Captioned web images:
::::::::

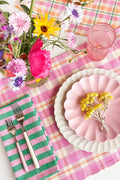 Abigail Plaid Placemat in Bubblegum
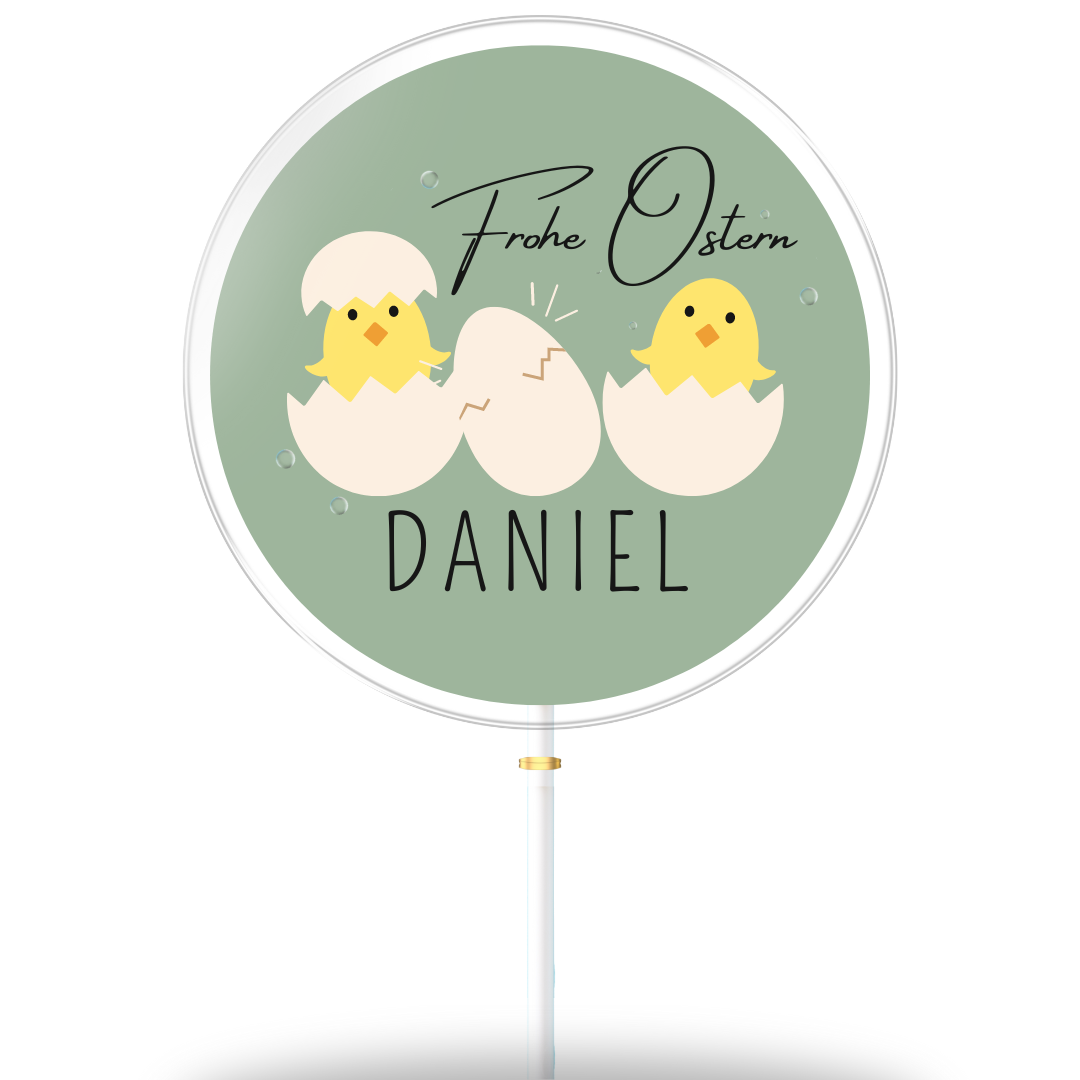 Vrolijk Pasen “Daniël” kuiken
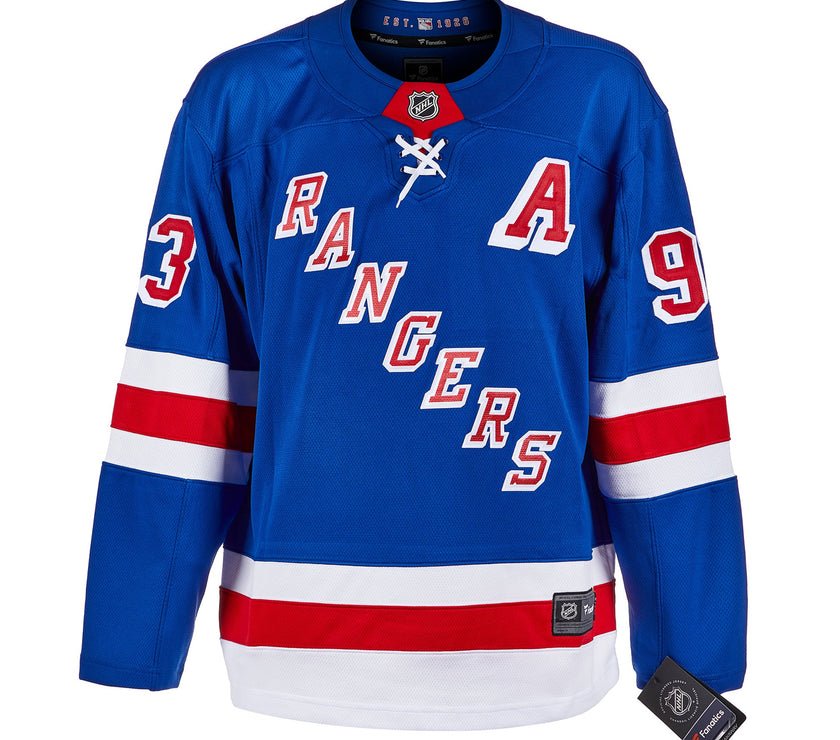 Mika Zibanejad Signed New York Rangers Fanatics Breakaway Home Blue Jersey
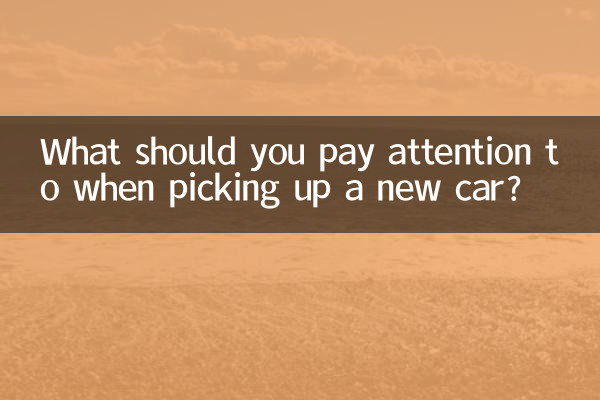 ¿A qué debes prestar atención al recoger un coche nuevo?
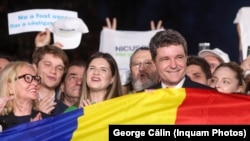 Никушор Дан при обявяването на резултатите от екзитпола, Букурещ, 18 май 2025 г. 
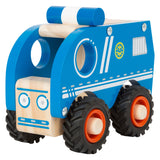 Small foot - houten politieauto blauw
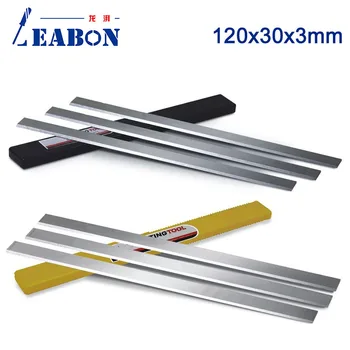 

LEABON 120x30x3mm W18% HSS Wood Planer Blade Woodworking Knife for Thickness Planer (A01001027)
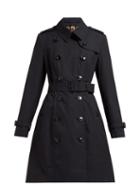 Matchesfashion.com Burberry - Chelsea Double-breasted Cotton Trench Coat - Womens - Navy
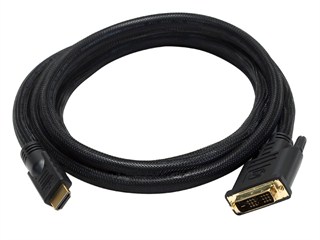 Product Image for 6ft 24AWG CL2 High Speed HDMI® to DVI Adapter Cable w / Net Jacket - Black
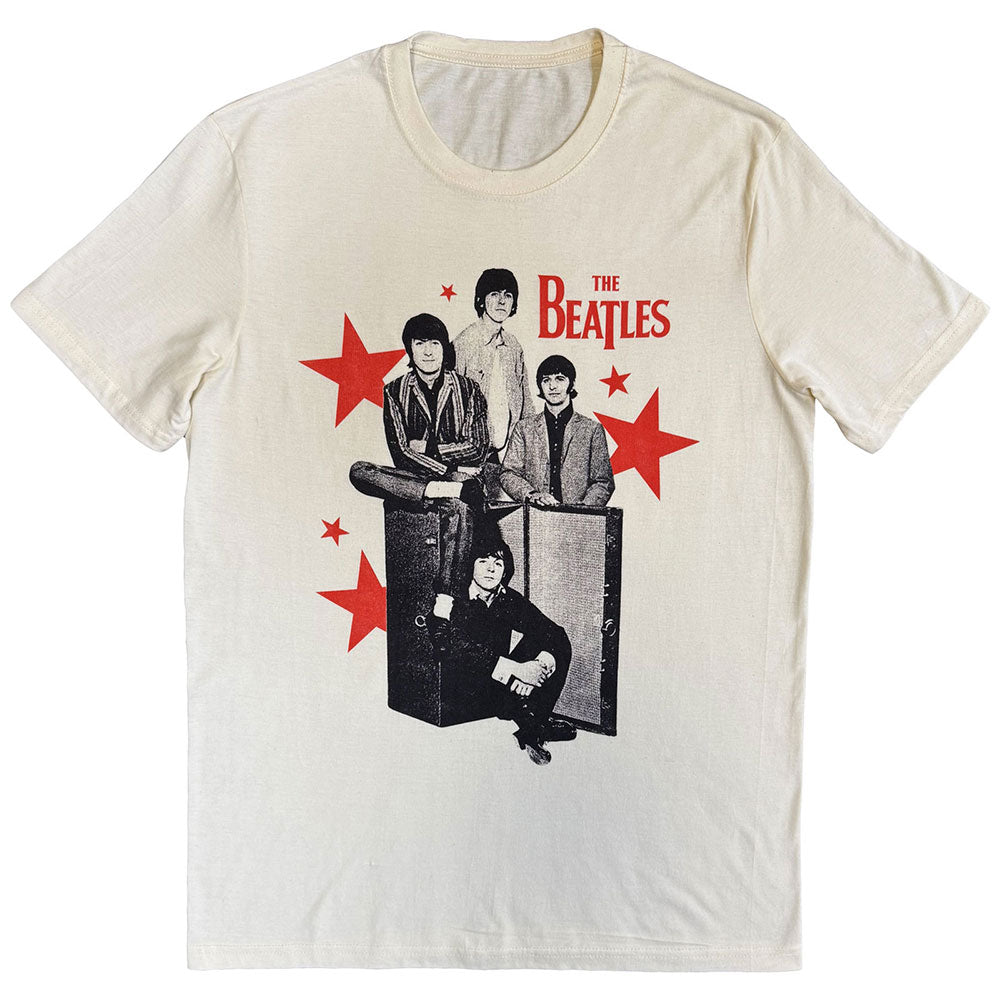 The Beatles: Red Stars T-Shirt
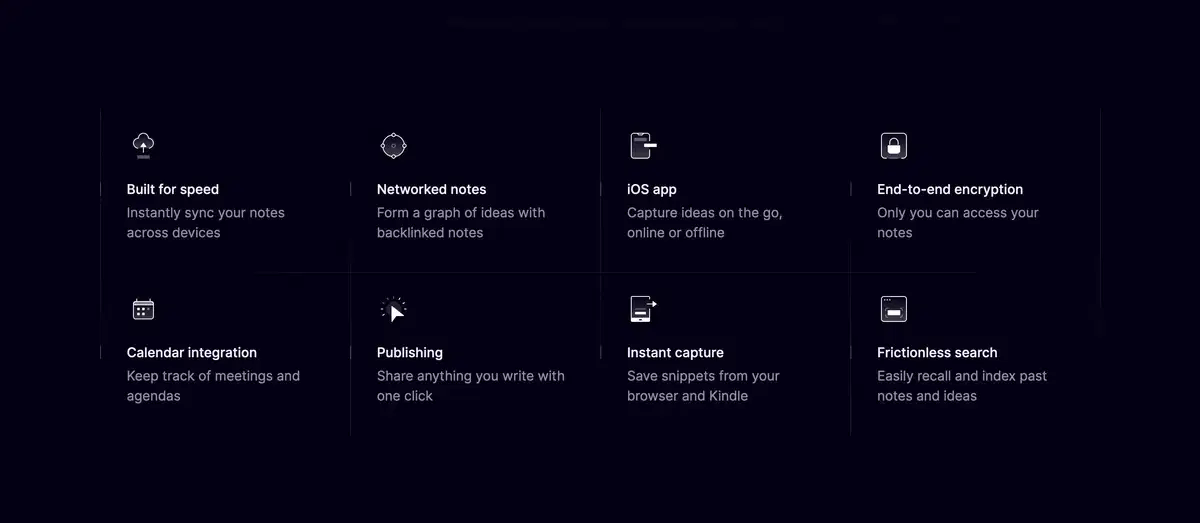 Reflect Home Page Section Features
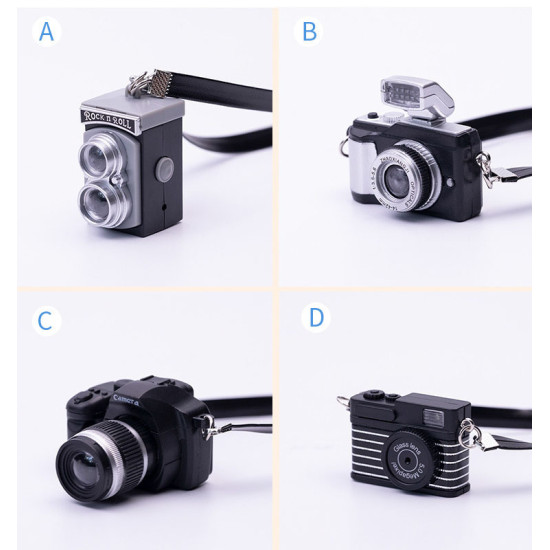 4 Pcs Miniature Camera 1:4 Scale Mini SLR Camera Prop Mini Camera Ornament Vintage Camera Model Digital SLR Camera Mini Decoration Accessories Photography Props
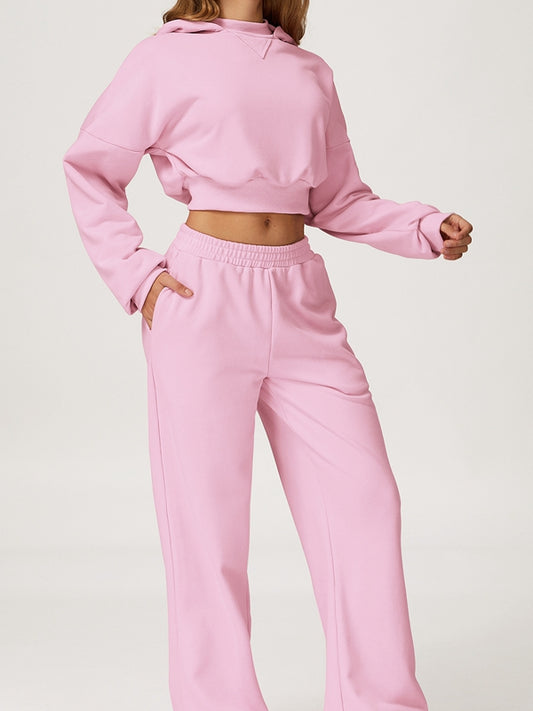 ZASUWA Female Pocket Casual  With Hat Tracksuit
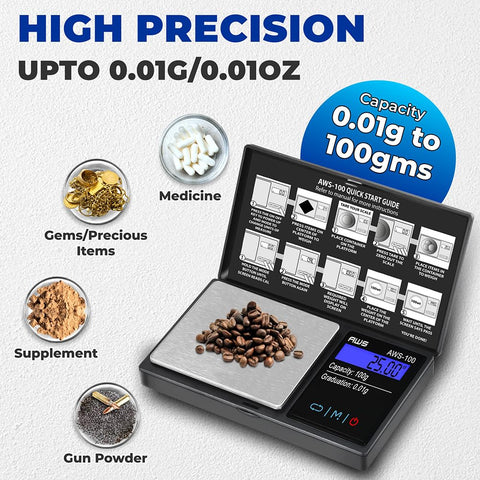AMERICAN WEIGH SCALES aplicaciones-joyeria-cafe, precisión en casa y viajes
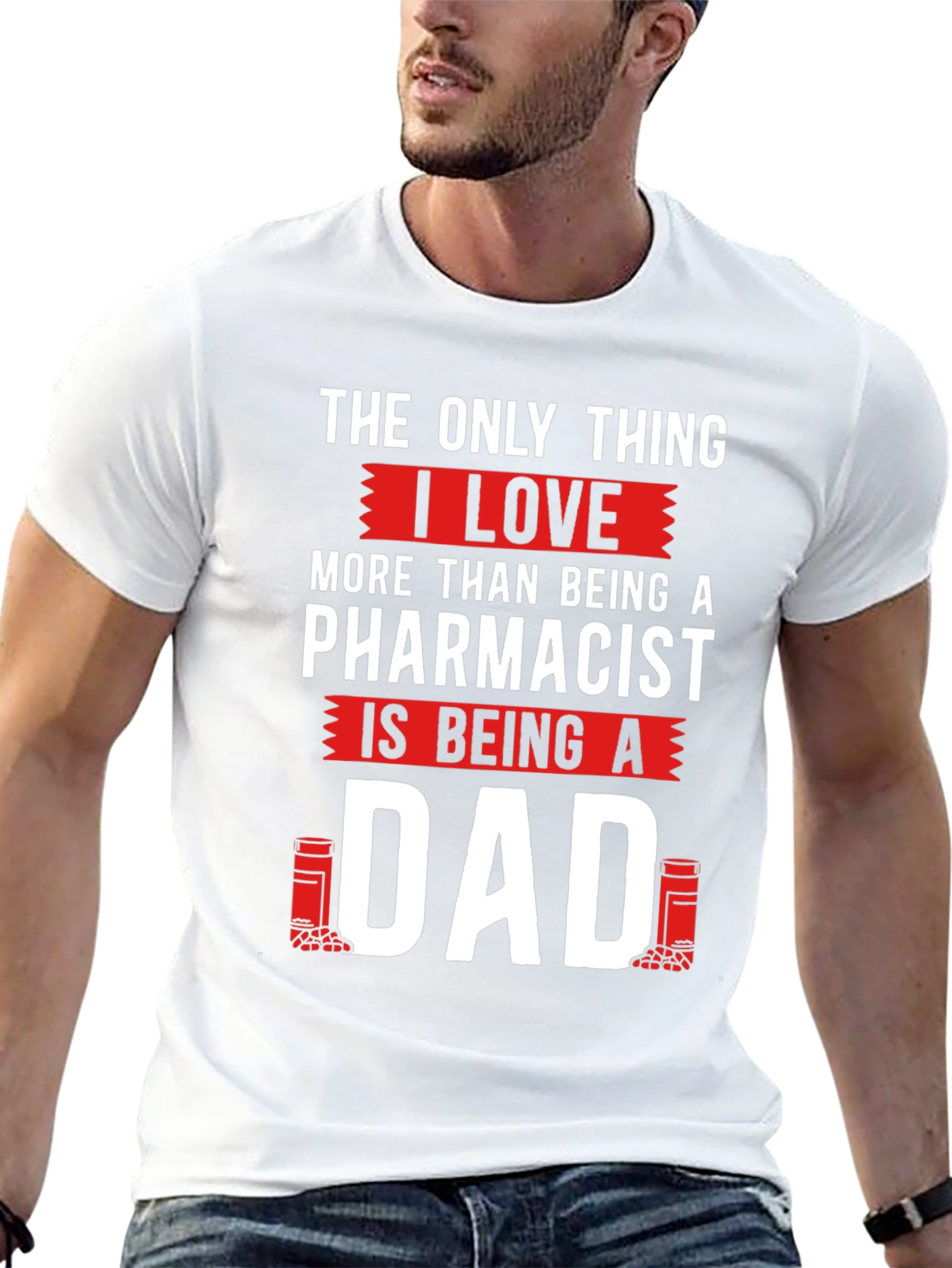 Pharmacist Dad T-Shirt - Gift for Fathers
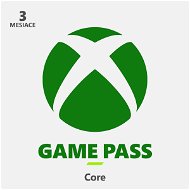 Dobíjacia karta Xbox Game Pass Core – 3-mesačné členstvo - Dobíjecí karta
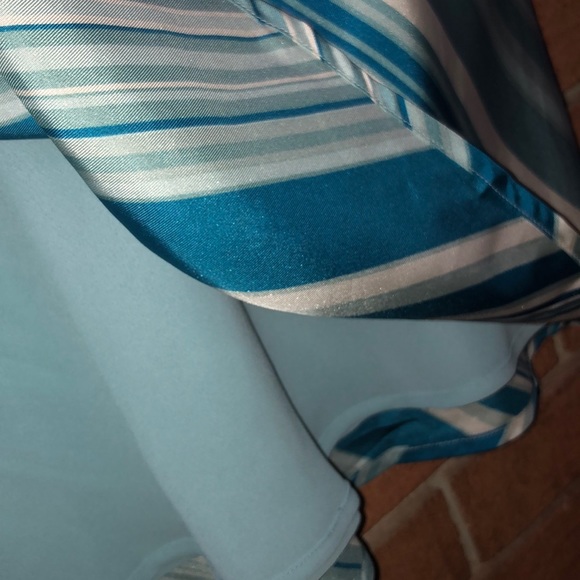 🍬ANNE KLINE🍬DIAGONAL STRIPE SILK A-LINE SKIRT🍬 - Picture 5 of 8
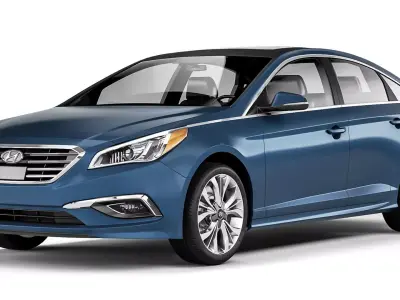 Hyundai Sonata LF 2014 3D model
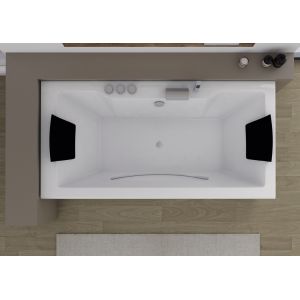 Baignoire rectangulaire avec hublot Kiss Me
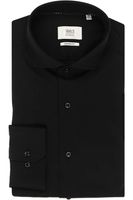 ETERNA 1863 Soft Tailoring Modern Fit Jersey shirt zwart, Effen - thumbnail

::::::::

— TASK INSTRUCTIONS —
Take the data above and set it down exactly, images excluded.

— ANSWER BOX —
 Abigail Plaid Placemat in Bubblegum
 Vrolijk Pasen “Daniël” kuiken
 Mika Zibanejad Signed New York Rangers Fanatics Breakaway Home Blue Jersey
 ¿A qué debes prestar atención al recoger un coche nuevo?
 Никушор Дан при обявяването на резултатите от екзитпола, Букурещ, 18 май 2025 г. 
 Small foot - houten politieauto blauw

LEABON 120x30x3mm W18% HSS Wood Planer Blade Woodworking Knife for Thickness Planer (A01001027)
 Matchesfashion.com Burberry - Chelsea Double-breasted Cotton Trench Coat - Womens - Navy
 Product Image for 6ft 24AWG CL2 High Speed HDMI® to DVI Adapter Cable w / Net Jacket - Black
 The Beatles: Red Stars T-Shirt
 Reflect Home Page Section Features
 4 Pcs Miniature Camera 1:4 Scale Mini SLR Camera Prop Mini Camera Ornament Vintage Camera Model Digital SLR Camera Mini Decoration Accessories Photography Props
 ZASUWA Female Pocket Casual  With Hat Tracksuit
AMERICAN WEIGH SCALES aplicaciones-joyeria-cafe, precisión en casa y viajes
 Pharmacist Dad T-Shirt - Gift for Fathers
 Dobíjacia karta Xbox Game Pass Core – 3-mesačné členstvo - Dobíjecí karta
 🍬ANNE KLINE🍬DIAGONAL STRIPE SILK A-LINE SKIRT🍬 - Picture 5 of 8
 Hyundai Sonata LF 2014 3D model
 Baignoire rectangulaire avec hublot Kiss Me
 ETERNA 1863 Soft Tailoring Modern Fit Jersey shirt zwart, Effen - thumbnail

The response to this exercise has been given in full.